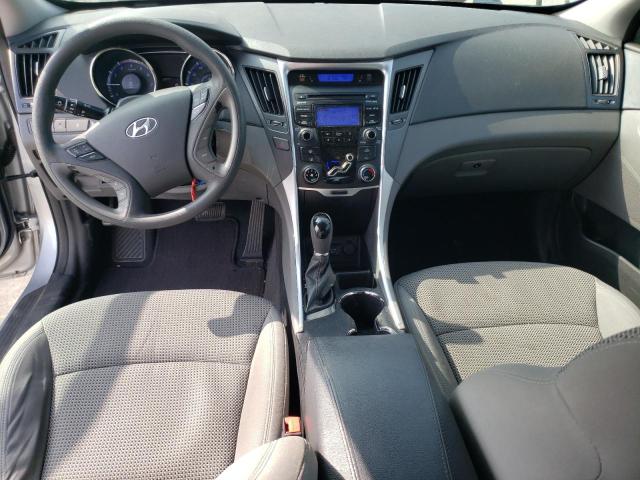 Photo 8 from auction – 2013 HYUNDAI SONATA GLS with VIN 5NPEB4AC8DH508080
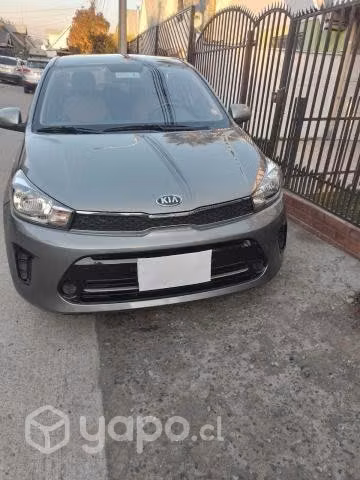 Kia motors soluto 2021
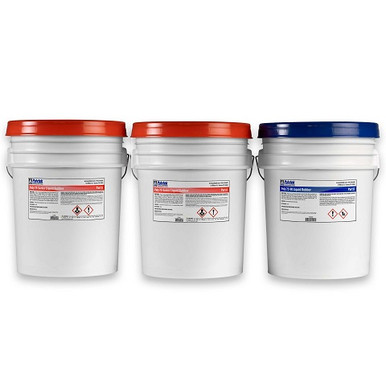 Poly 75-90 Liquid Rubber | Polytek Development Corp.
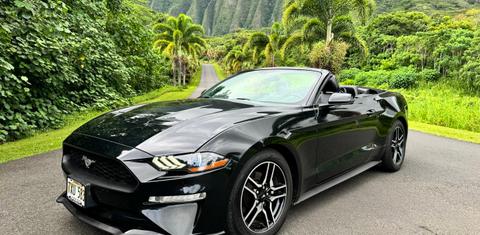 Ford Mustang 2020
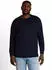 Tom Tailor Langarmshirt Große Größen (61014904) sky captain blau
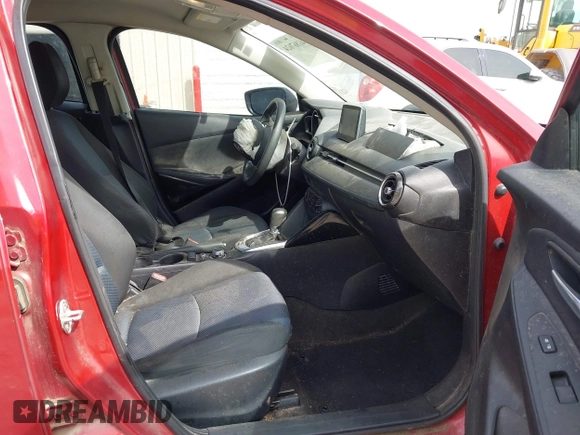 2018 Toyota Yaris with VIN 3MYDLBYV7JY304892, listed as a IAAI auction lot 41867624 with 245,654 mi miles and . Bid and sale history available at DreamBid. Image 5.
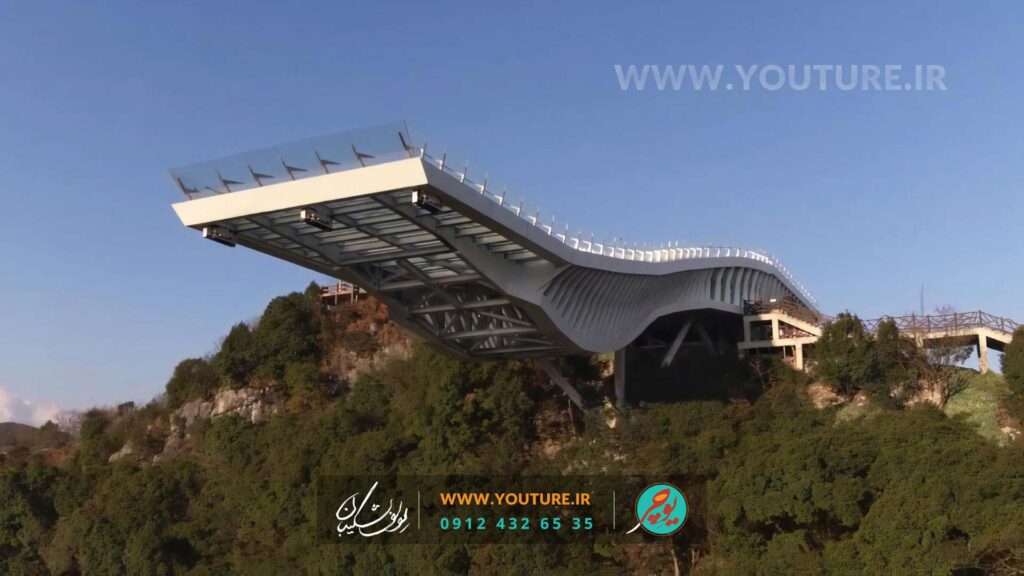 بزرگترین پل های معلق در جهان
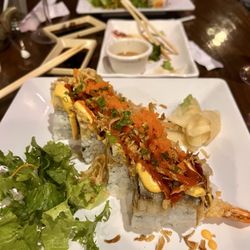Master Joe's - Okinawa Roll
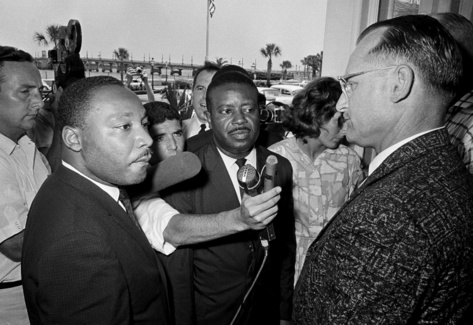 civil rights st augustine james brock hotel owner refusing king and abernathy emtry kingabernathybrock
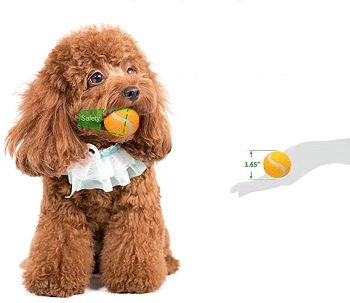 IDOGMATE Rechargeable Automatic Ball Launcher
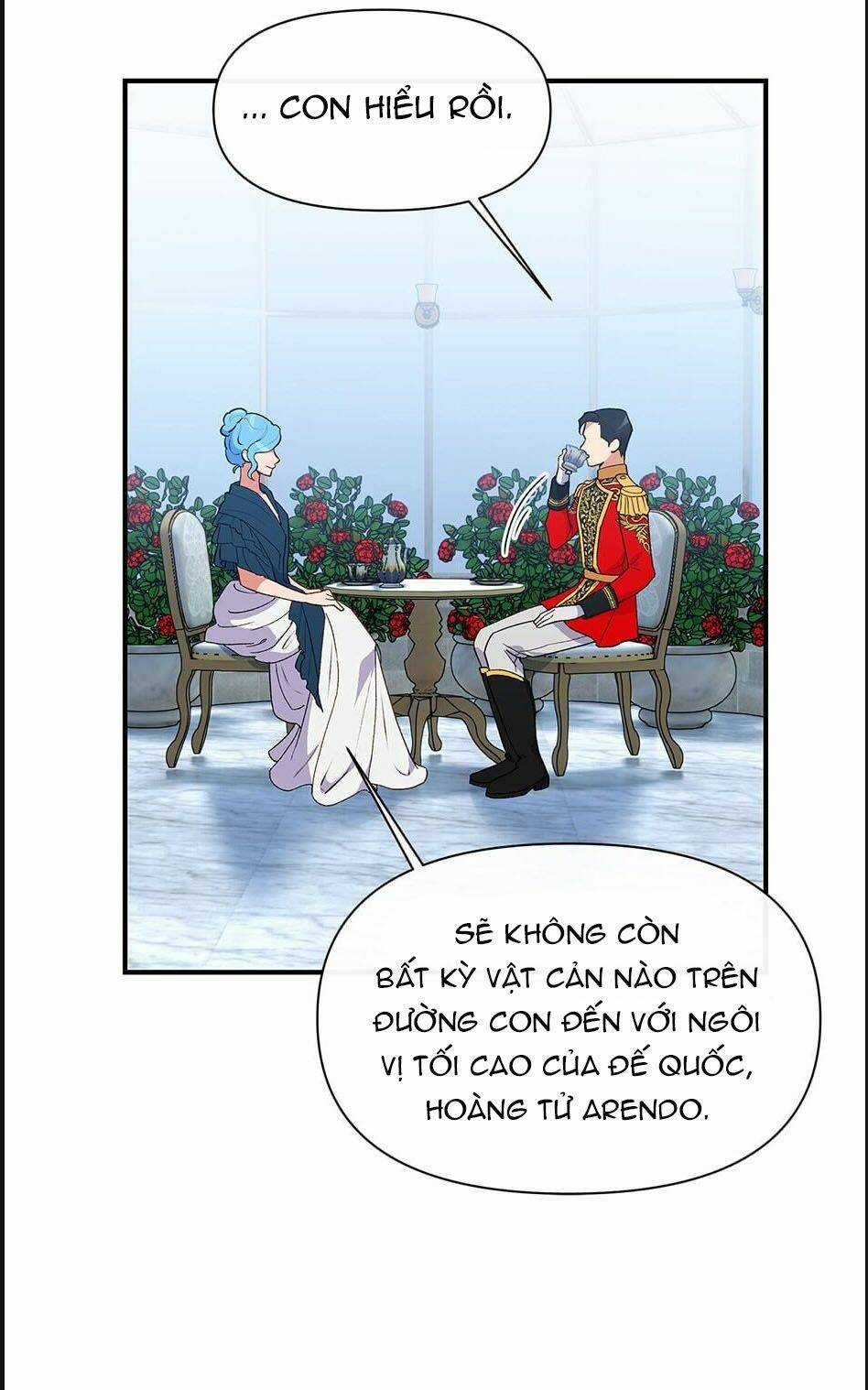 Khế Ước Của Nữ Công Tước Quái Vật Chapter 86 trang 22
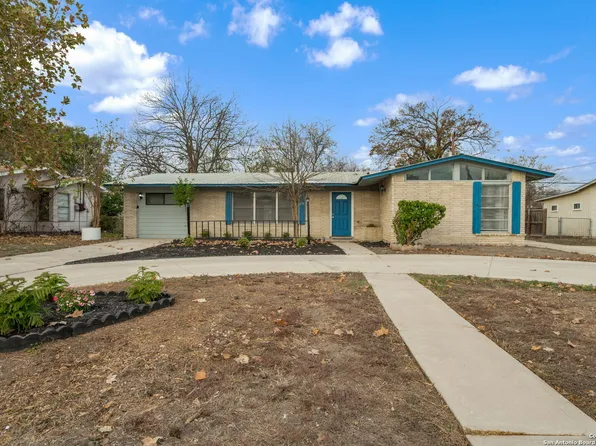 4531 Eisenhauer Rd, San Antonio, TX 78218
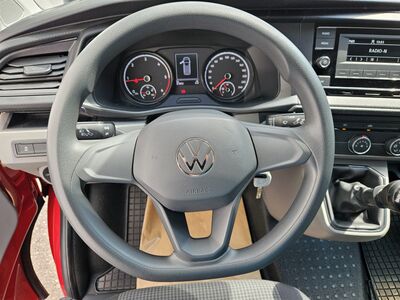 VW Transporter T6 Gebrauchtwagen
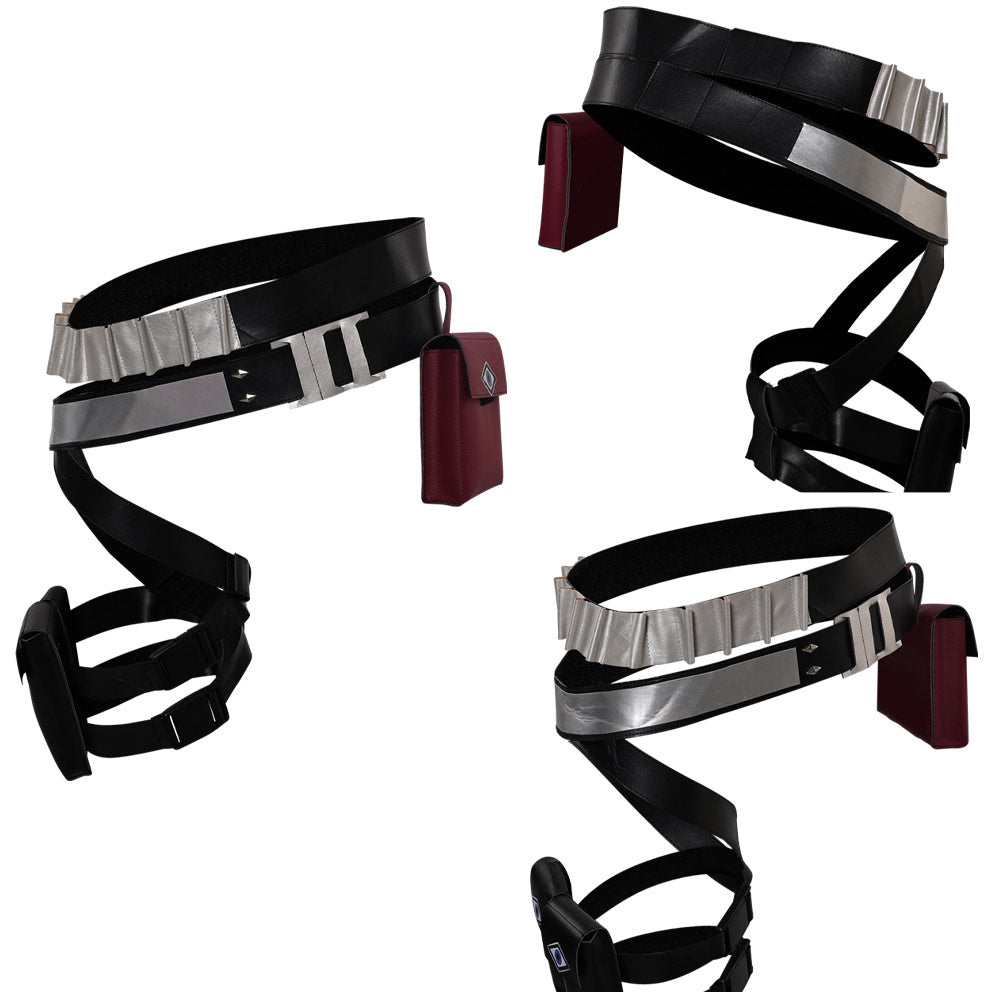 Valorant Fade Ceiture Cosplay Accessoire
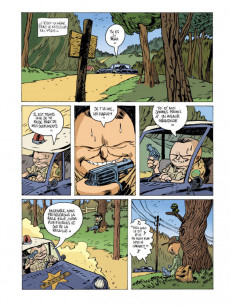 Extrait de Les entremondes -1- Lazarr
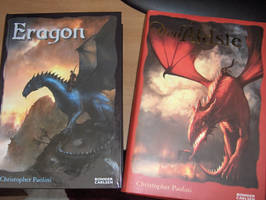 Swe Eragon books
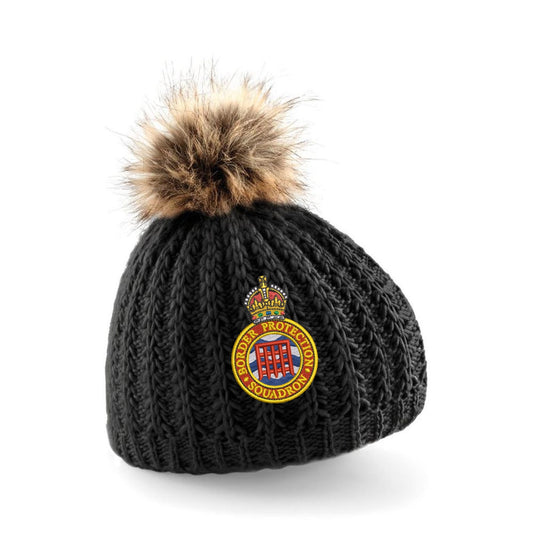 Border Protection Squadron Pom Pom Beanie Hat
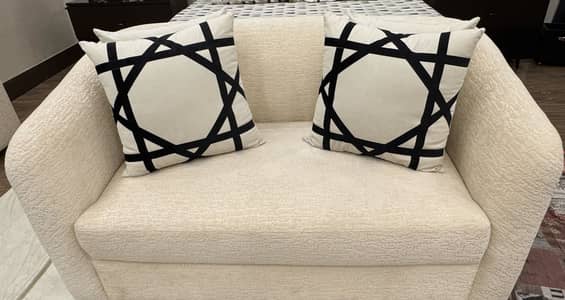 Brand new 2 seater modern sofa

**EXERCISE REQUIREMENTS**. Your answer should hold only the lines from the one with "Border Protection Squadron" through the final line of the listing above, transcribed exactly and without pictures.

**RESULT OF THE TASK**.
 Border Protection Squadron Pom Pom Beanie Hat
 Brand new 2 seater modern sofa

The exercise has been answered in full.